**About this task**
Please repeat, from the entries that follow, the lines from the one containing "OEM 30751864 Oxygen (O2) Sensor" through the one containing "Surface Go LTE" exactly, adding nothing.

**Dataset records**
══════
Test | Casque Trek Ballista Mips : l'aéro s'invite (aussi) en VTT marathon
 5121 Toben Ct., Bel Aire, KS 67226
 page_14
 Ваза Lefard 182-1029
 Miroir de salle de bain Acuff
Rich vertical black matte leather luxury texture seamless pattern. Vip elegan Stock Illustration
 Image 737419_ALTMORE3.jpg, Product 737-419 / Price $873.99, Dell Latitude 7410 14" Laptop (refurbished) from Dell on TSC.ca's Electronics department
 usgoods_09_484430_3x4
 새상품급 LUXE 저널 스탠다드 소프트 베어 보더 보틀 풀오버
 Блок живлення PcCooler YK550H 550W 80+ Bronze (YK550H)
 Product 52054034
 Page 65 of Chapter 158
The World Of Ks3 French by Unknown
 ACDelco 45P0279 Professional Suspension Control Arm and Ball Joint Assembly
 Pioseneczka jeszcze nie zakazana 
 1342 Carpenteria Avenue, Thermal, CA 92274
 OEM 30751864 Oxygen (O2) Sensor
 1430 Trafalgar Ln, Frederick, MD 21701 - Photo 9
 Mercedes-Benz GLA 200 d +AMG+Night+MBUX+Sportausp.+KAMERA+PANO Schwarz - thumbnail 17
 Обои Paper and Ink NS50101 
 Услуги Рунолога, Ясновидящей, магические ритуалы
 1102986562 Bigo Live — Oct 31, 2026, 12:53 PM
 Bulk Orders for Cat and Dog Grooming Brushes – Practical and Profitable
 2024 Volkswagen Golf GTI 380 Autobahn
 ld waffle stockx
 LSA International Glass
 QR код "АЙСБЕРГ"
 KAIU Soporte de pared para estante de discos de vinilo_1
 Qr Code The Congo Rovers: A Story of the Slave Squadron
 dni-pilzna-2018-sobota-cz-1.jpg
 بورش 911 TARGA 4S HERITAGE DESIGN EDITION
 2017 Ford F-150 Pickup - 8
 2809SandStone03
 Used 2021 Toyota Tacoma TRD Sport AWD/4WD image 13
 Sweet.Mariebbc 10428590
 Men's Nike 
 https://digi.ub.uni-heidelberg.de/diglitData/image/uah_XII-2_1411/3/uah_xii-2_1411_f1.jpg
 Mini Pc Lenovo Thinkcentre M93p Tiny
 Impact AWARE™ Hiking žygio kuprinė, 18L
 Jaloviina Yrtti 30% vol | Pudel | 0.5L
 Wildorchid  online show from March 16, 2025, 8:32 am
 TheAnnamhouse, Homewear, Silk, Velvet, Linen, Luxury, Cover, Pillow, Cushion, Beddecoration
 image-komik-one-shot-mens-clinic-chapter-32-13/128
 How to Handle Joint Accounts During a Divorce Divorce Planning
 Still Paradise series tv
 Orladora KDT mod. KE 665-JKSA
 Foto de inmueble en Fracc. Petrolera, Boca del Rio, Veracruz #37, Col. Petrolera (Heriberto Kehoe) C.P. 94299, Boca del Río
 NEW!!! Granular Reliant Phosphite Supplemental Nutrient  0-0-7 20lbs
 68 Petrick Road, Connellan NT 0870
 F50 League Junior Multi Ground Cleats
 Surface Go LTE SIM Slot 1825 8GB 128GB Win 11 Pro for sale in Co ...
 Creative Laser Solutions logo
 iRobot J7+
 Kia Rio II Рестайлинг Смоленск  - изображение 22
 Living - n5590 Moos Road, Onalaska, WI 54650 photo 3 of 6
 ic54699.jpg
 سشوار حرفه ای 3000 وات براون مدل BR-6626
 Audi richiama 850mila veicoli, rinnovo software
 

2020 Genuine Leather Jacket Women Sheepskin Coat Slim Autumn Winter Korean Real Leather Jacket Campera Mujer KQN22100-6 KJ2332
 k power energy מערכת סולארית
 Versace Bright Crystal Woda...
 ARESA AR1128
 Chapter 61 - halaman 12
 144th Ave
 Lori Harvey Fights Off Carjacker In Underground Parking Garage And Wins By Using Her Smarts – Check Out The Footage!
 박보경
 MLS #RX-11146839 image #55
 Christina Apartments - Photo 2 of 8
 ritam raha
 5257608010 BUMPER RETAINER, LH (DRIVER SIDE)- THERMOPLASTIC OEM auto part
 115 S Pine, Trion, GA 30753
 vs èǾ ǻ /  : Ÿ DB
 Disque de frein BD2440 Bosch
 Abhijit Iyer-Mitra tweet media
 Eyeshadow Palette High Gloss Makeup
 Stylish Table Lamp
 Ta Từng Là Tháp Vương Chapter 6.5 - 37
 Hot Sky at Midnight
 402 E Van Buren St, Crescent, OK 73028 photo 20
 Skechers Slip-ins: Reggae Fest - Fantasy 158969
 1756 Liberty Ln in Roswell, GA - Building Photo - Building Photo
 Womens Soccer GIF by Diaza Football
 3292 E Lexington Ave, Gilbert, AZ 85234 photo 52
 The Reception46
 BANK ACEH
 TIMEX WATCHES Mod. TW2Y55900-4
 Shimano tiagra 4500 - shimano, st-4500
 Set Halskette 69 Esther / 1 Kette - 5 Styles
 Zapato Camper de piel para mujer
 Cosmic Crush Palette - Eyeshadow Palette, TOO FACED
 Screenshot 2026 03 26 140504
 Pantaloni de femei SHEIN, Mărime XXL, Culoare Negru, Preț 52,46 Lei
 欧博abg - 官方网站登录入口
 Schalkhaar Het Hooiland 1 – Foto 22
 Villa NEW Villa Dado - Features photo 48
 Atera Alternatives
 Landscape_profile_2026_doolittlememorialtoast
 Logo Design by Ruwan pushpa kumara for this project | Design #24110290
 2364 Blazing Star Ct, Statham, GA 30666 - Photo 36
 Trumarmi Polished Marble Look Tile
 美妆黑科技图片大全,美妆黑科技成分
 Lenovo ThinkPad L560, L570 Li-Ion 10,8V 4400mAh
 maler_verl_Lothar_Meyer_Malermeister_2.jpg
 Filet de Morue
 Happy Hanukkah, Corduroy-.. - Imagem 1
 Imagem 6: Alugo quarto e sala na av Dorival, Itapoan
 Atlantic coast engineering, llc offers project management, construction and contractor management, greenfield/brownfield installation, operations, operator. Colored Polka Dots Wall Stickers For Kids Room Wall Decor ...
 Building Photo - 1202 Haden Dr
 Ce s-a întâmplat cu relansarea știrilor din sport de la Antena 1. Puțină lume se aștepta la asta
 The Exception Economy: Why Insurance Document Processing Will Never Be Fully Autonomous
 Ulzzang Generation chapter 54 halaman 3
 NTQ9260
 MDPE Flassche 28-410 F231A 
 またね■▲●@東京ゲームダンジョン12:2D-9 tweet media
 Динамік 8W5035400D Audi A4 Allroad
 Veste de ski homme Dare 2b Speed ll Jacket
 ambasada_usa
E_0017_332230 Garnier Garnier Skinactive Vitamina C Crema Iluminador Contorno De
══════
**Answer for the task**
 OEM 30751864 Oxygen (O2) Sensor
 1430 Trafalgar Ln, Frederick, MD 21701 - Photo 9
 Mercedes-Benz GLA 200 d +AMG+Night+MBUX+Sportausp.+KAMERA+PANO Schwarz - thumbnail 17
 Обои Paper and Ink NS50101 
 Услуги Рунолога, Ясновидящей, магические ритуалы
 1102986562 Bigo Live — Oct 31, 2026, 12:53 PM
 Bulk Orders for Cat and Dog Grooming Brushes – Practical and Profitable
 2024 Volkswagen Golf GTI 380 Autobahn
 ld waffle stockx
 LSA International Glass
 QR код "АЙСБЕРГ"
 KAIU Soporte de pared para estante de discos de vinilo_1
 Qr Code The Congo Rovers: A Story of the Slave Squadron
 dni-pilzna-2018-sobota-cz-1.jpg
 بورش 911 TARGA 4S HERITAGE DESIGN EDITION
 2017 Ford F-150 Pickup - 8
 2809SandStone03
 Used 2021 Toyota Tacoma TRD Sport AWD/4WD image 13
 Sweet.Mariebbc 10428590
 Men's Nike 
 https://digi.ub.uni-heidelberg.de/diglitData/image/uah_XII-2_1411/3/uah_xii-2_1411_f1.jpg
 Mini Pc Lenovo Thinkcentre M93p Tiny
 Impact AWARE™ Hiking žygio kuprinė, 18L
 Jaloviina Yrtti 30% vol | Pudel | 0.5L
 Wildorchid  online show from March 16, 2025, 8:32 am
 TheAnnamhouse, Homewear, Silk, Velvet, Linen, Luxury, Cover, Pillow, Cushion, Beddecoration
 image-komik-one-shot-mens-clinic-chapter-32-13/128
 How to Handle Joint Accounts During a Divorce Divorce Planning
 Still Paradise series tv
 Orladora KDT mod. KE 665-JKSA
 Foto de inmueble en Fracc. Petrolera, Boca del Rio, Veracruz #37, Col. Petrolera (Heriberto Kehoe) C.P. 94299, Boca del Río
 NEW!!! Granular Reliant Phosphite Supplemental Nutrient  0-0-7 20lbs
 68 Petrick Road, Connellan NT 0870
 F50 League Junior Multi Ground Cleats
 Surface Go LTE SIM Slot 1825 8GB 128GB Win 11 Pro for sale in Co ...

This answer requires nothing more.